Do Not Lose Heart

Genesis 3:8-15; Psalm 130; 2 Corinthians 4:13-5:1; Mark 3:20-35

Today’s story from the Gospel is in the form of a sort of “story sandwich,” with Mark beginning a story, then switching to a different story, then going back and finishing the first story. In this particular case the structure is a little more complex than that and is something called a “chiasm,” but “story sandwich” will do for now.

In this case, the “filling” in the sandwich has to do with the scribes claiming that Jesus is using the power of Satan to cast out demons.

And the “bread” of the sandwich has to do with Jesus and his relationship with his family. In the first verse, they want to take him away because they think he’s lost his mind. In the final verses, Jesus seems to reject them in favor of those who do God’s will.

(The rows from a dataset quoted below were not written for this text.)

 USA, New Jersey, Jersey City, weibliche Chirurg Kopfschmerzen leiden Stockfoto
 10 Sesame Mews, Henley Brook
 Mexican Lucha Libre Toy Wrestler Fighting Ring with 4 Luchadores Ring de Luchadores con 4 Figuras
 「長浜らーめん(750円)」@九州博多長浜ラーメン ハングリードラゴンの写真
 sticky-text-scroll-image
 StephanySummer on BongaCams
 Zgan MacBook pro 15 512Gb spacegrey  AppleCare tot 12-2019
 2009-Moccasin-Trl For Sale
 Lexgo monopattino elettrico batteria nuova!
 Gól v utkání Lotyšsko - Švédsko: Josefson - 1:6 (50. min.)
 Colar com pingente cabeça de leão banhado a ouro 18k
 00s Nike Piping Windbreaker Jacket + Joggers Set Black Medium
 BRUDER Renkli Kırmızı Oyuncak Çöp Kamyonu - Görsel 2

We don’t often think about Jesus having issues with his family, but it seems like he did. There must have been some reconciliation later – Jesus’ brother James, for instance, became an important figure in the early church, the leader of the church in Jerusalem. But in the short term they had some trouble understanding what was going on. Why was Jesus doing these things? Where did he get these weird ideas? Why couldn’t he come home and behave like a good boy?

We know that Jesus cared for people with families. He comforted the disciples who had left their families to follow him. So we know this situation must have been difficult and painful.

Everybody has family problems. Even Jesus.

Paul had family problems too. Paul regarded the church in Corinth, a church he founded, as his family. His second letter to that church is a very complex composition, so complex that scholars have trouble deciding if our text was made up of fragments of several letters or if it all is of one piece. But it is obvious Paul is writing to the Corinthians out of deep sorrow, deep PAIN, for the way things have been going.

You see, other teachers have come in, claiming that Paul was not an apostle, and that he did not carry the true Gospel. Paul has been put in the position of having to defend his apostleship to a church that he founded. To people to whom he had brought the good news.

Paul is not deterred. In this wild letter he goes from angry to pleading to earnestly trying to convince. Read through it sometime. Paul is desperately trying to convince these people. And he is suffering.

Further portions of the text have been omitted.